I EXPECT a few readers did a double take after opening yesterday’s edition and seeing the headline: SNP MP’s tribute to working-class Labour ‘hero’. A hero? From the Labour party?

The story was about a new internship in the office of Glasgow North MP David Linden that’s named after John Wheatley, the famed Scottish socialist who oversaw the massive expansion of council housing by the first Labour government.

It’s a canny move by Linden, as the creation of a new internship wouldn’t usually merit any column inches (and he’s bound to get a large and diverse set of applicants now), and it’s also a refreshingly non-partisan one. “He might have been from a different political party than me,” said Linden, “but John Wheatley remains one of my biggest heroes.”

Credit where it’s due, you might think.
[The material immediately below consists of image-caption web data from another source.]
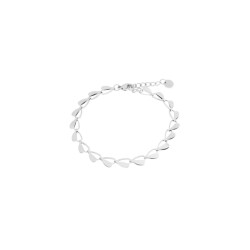 Label Kiki K.sa.275.2 half heart bracelet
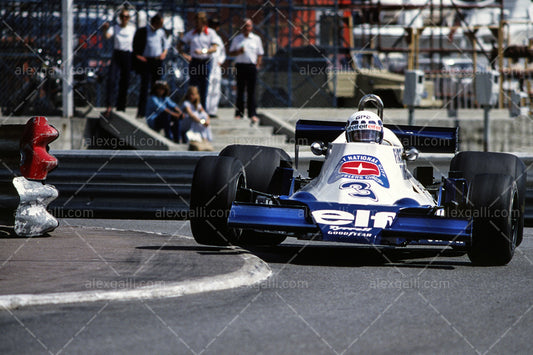 F1 1978 Didier Pironi - Tyrrell 008 - 19780063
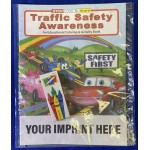 Custom Imprinted Traffic Safety Awareness Coloring Book Fun Pack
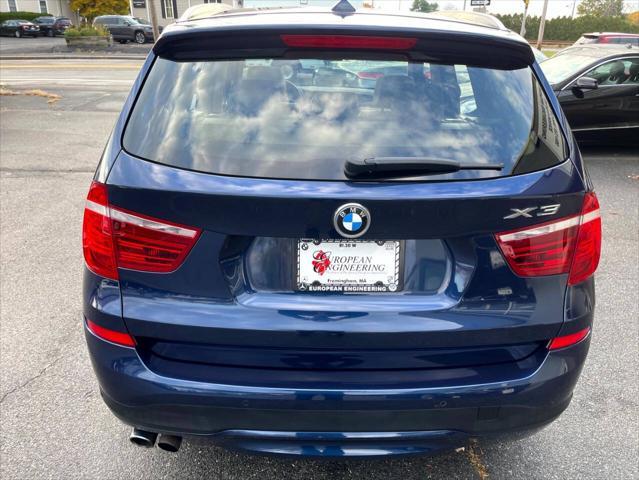 used 2016 BMW X3 car, priced at $14,995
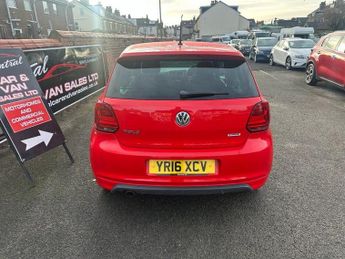 VOLKSWAGEN POLO 1.0 TSI BlueMotion Tech R-Line Hatchback 3dr Petrol DSG Euro 6 (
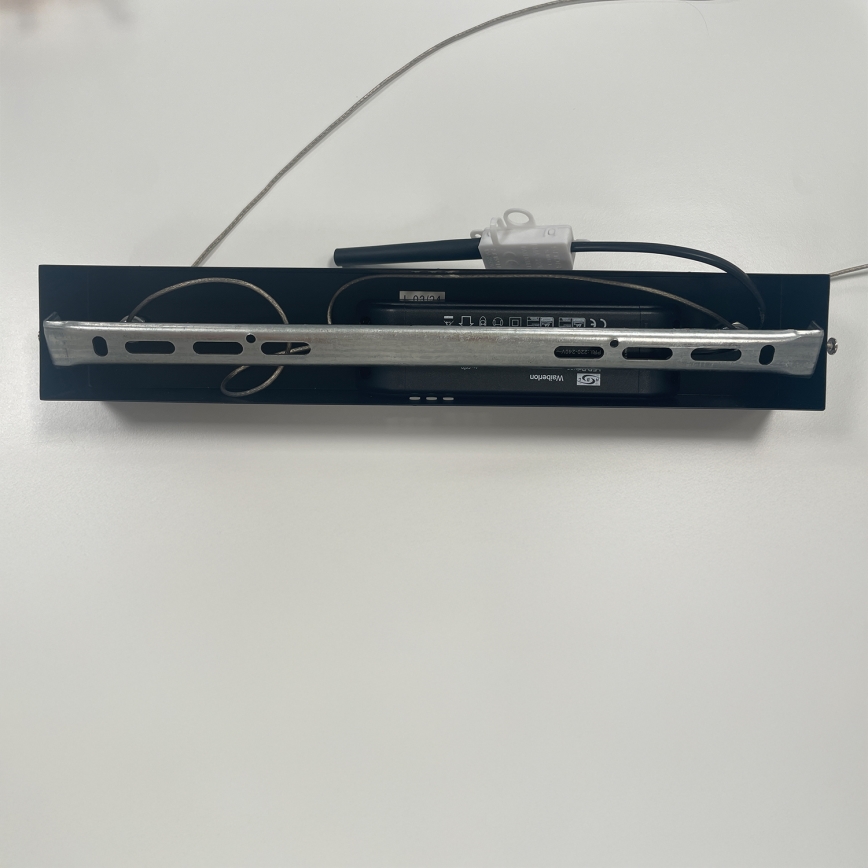 ONLI - LED Hanglamp aan een koord ONDA LED/30W/230V 4000K zwart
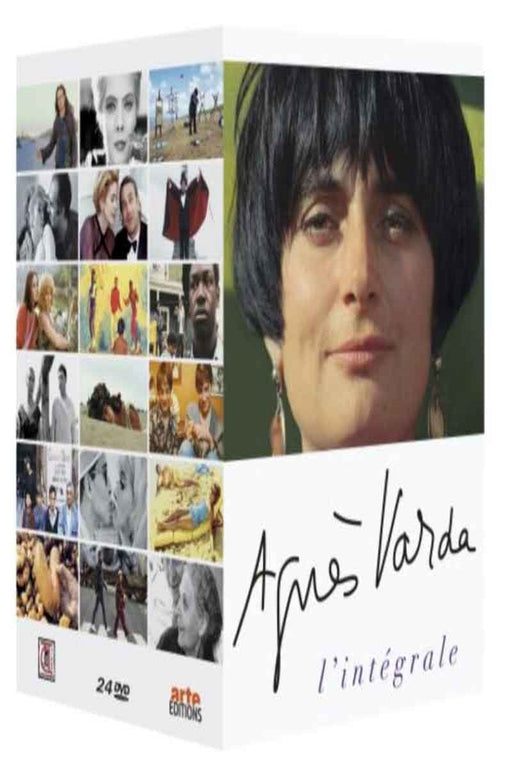 Agnes Varda l'intégrale - coffret - dvd 3453277312555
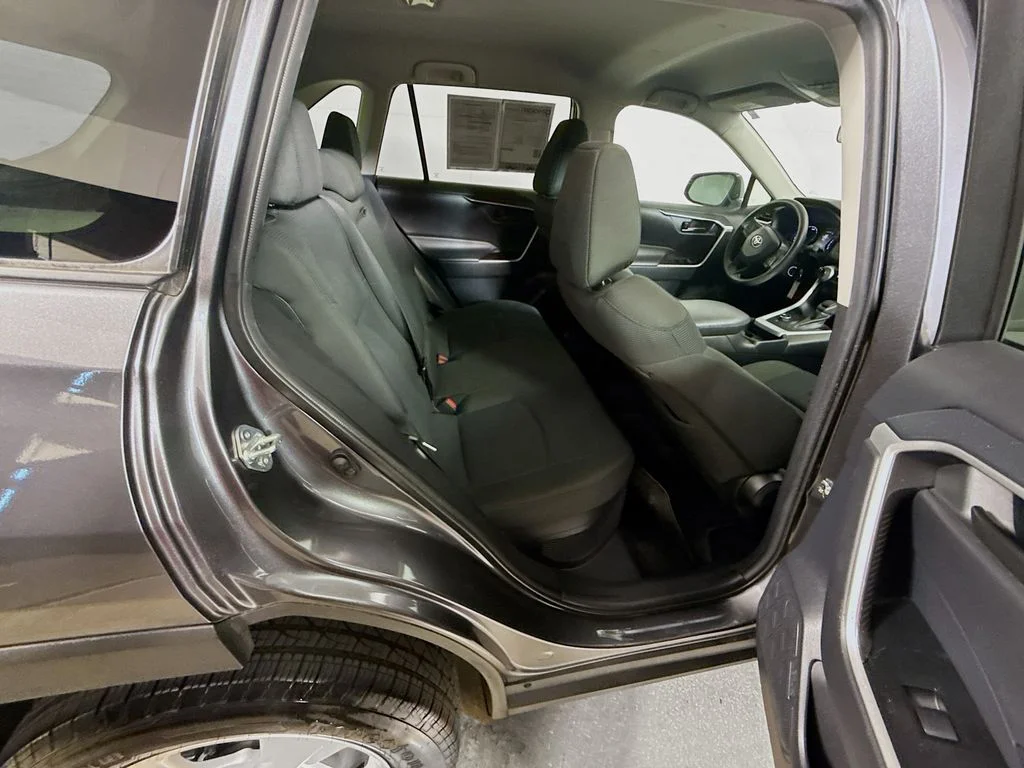 Used 2021 Magnetic Gray Metallic Toyota Hybrid LE image 24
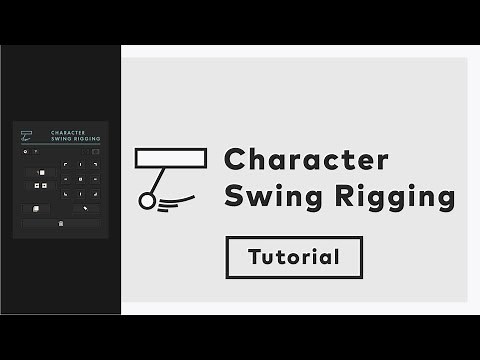 After Effects Script - Character Swing Rigging - Tutorial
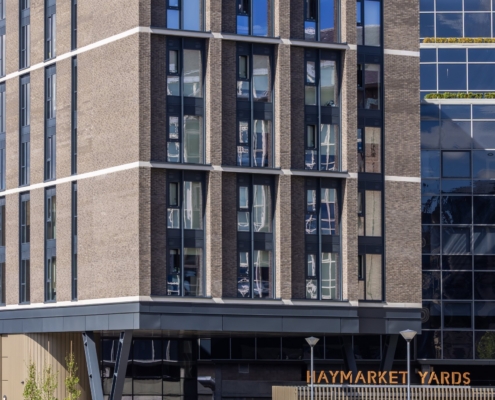 haymarket-4-A2N_4348 Haymarket, Edinburgh – aluminium windows by Marshall Brown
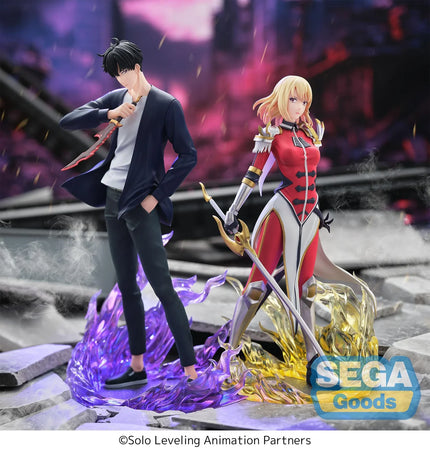 Solo Leveling - Cha Hae-In - Xross Link figure (SEGA)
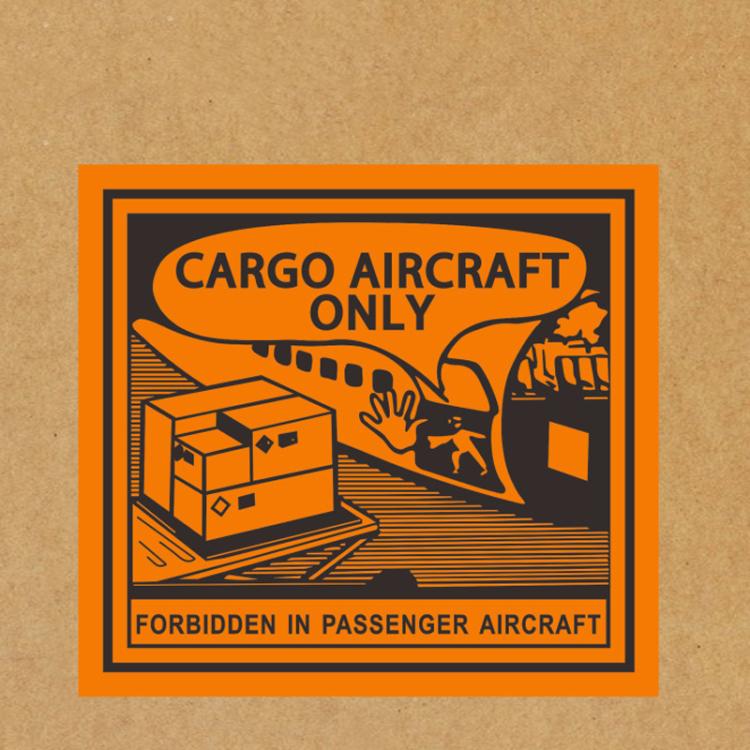 100 Stück Logistik Luftfracht Karton Versiegelung Aufkleber Lithium-Batterie-Etikett Zerbrechlich-Etikett, UN3481: 11x12cm, UN3480: 11x12cm, UN3091: 11x12cm, UN3090: 11x12cm, UN3481: 10x10cm, UN3480: 10x10cm, CAO Lufttransport Warnung: 11x12cm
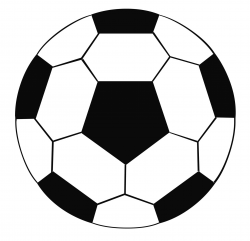 Soccer ball pictures to color clipart free to use clip art resource ...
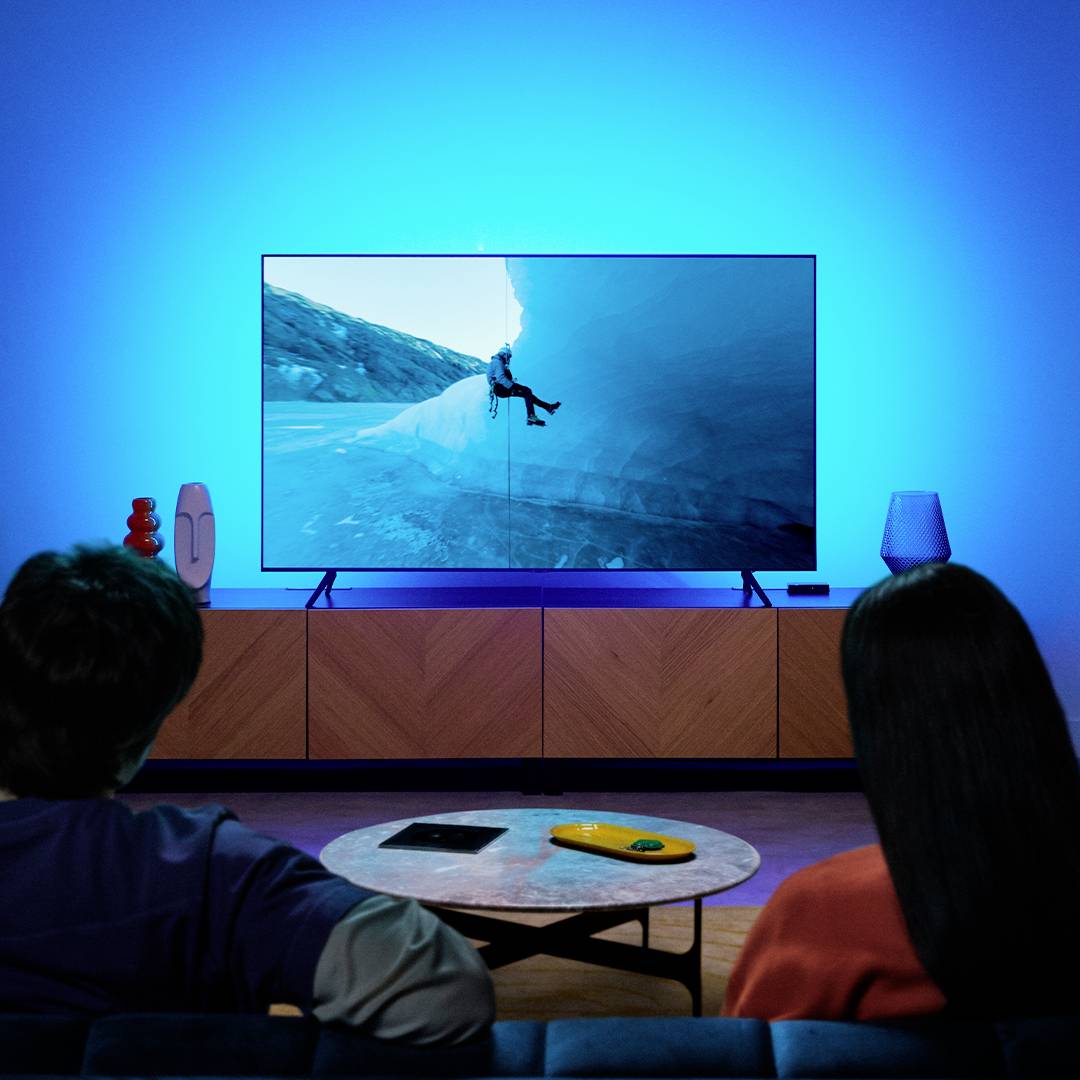 WiZ Sync box starter kit 75"-85" EU 8720169078628 LED-Streifen-Set 240V 340cm Mehrfarbig 1St.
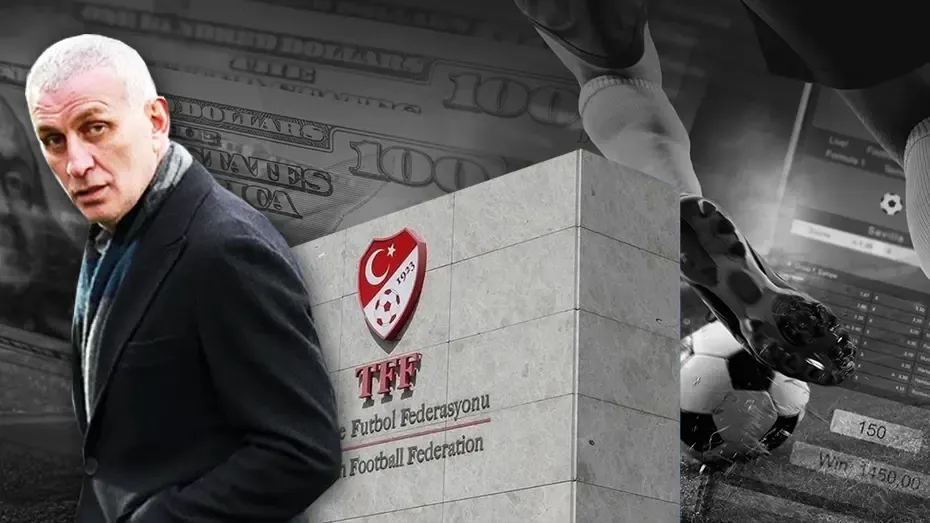 Türkiye Futbol Federasyonu Başkanı (TFF) İbrahim Hacıosmanoğlu, bahis soruşturmasına yönelik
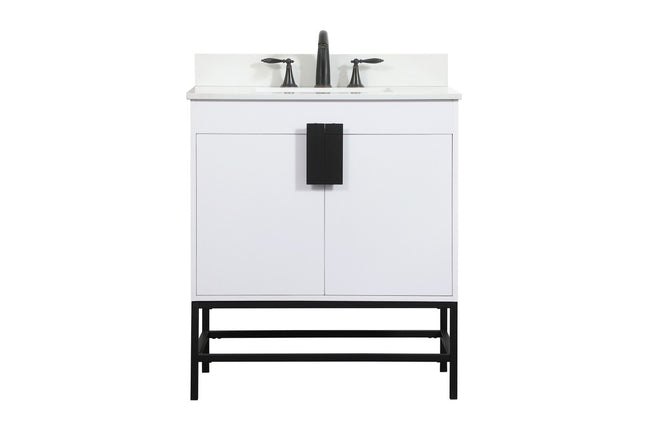 Elegant Lighting-VF48830MWH-BS|MAIN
A fitting tribute that rises above the pettiness of party politics.

Naturally, professional party-pooper David Torrance was having none of it, and aimed a pin at Linden’s bright red balloon by tweeting: “The SNP’s co-option of Labour Party history is getting a little out of hand.”

Then along came Glasgow North East MP Paul Sweeney to knock rose-tinted glasses off the faces of anyone feeling nostalgic about the days of the Independent Labour Party and sneer that he might “consider allocating some of [his] annual Parliamentary staff budget to launch the ‘Winnie Ewing internship’.”

What better reminder of the huge gulf between Labour men past and present? Wheatley was once suspended from the Commons for calling a Tory milk-snatcher a murderer. Sweeney is probably best know for egging on the bottom-feeders of the internet by calling Mhairi Black a skiver.

It may be tempting, in the face of such shoddy behaviour, to simply dismiss every utterance of a modern-day Scottish Labour politician as irrelevant. But those in the Yes movement would do well to remember the strategy endorsed by Michelle Obama: “When they go low, we go high.” It doesn’t help the cause to counter lazy “SNP bad” narratives with equally lazy “Labour terrible” ones, especially not when (as they occasionally do) Labour politicians talk sense.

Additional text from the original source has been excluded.